- Cerca de oito mil novos documentos sobre o caso Epstein foram disponibilizados nesta terça-feira no site do Departamento de Justiça dos Estados Unidos, incluindo centenas de vídeos e áudios e imagens de vigilância de agosto de 2019.
- O DOJ publicou quase onze mil links para esses documentos, mas nem todos levaram a conteúdos acessíveis.
- A Lei de Transparência dos Arquivos Epstein (EFTA) prevê a publicação de todo o material até 19 de dezembro de 2025, aprovada quase que por unanimidade pelo Congresso.

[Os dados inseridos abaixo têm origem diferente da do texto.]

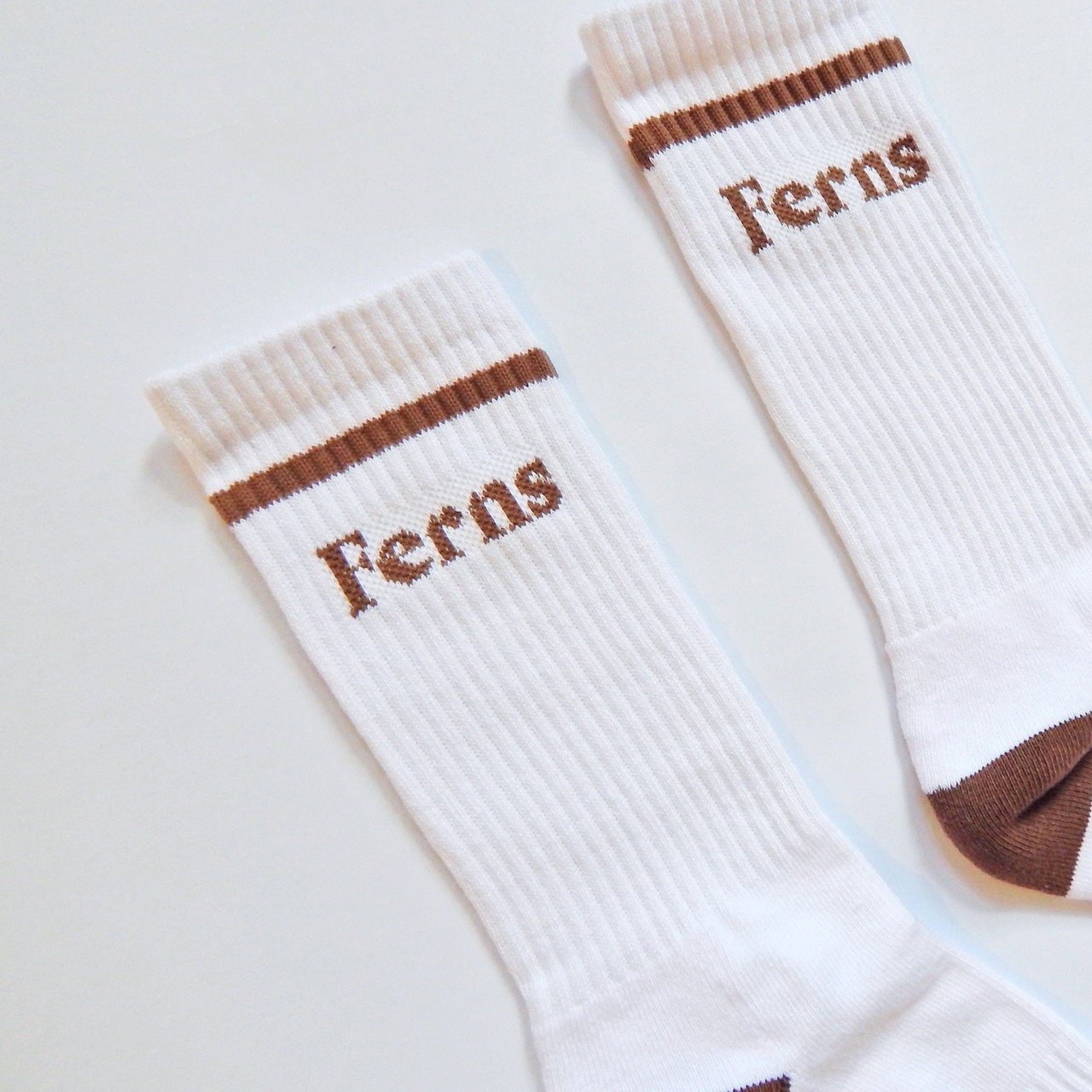 Fern Crew Socks Soil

- Vítimas do caso criticaram a divulgação, dizendo que apenas uma fração do material foi divulgada e que parte está fortemente censurada sem explicação.
- O atraso foi explicado pela necessidade de censurar as identidades de mais de mil vítimas; parlamentares e integrantes do Senado pressionaram o governo, com acusações de acobertamento.
Foi publicada nesta terça-feira a disponibilização de cerca de 8 mil novos documentos do caso Epstein pelo Departamento de Justiça dos EUA. Os arquivos incluem centenas de vídeos e áudios, além de imagens de vigilância de agosto de 2019, quando Epstein foi encontrado morto na prisão.
O DOJ divulgou quase 11 mil links para documentos online, mas alguns não redirecionam para conteúdos. A divulgação ocorre em meio a críticas da oposição sobre lentidão e incompletude do material publicado até o momento.
Contexto legal e político
A Lei de Transparência dos Arquivos Epstein (EFTA) foi aprovada quase por unanimidade no Congresso, estabelecendo a publicação de todos os documentos até 19 de dezembro de 2025.
Críticas e repostas
Um grupo de vítimas destacou que apenas uma fração dos arquivos foi tornada pública e que o material disponível apresenta trechos fortemente censurados, sem explicação clara. As coautoras da EFTA, Ro Khanna e Thomas Massie, ameaçaram ações legais por desacato contra a procuradora-geral Pam Bondi.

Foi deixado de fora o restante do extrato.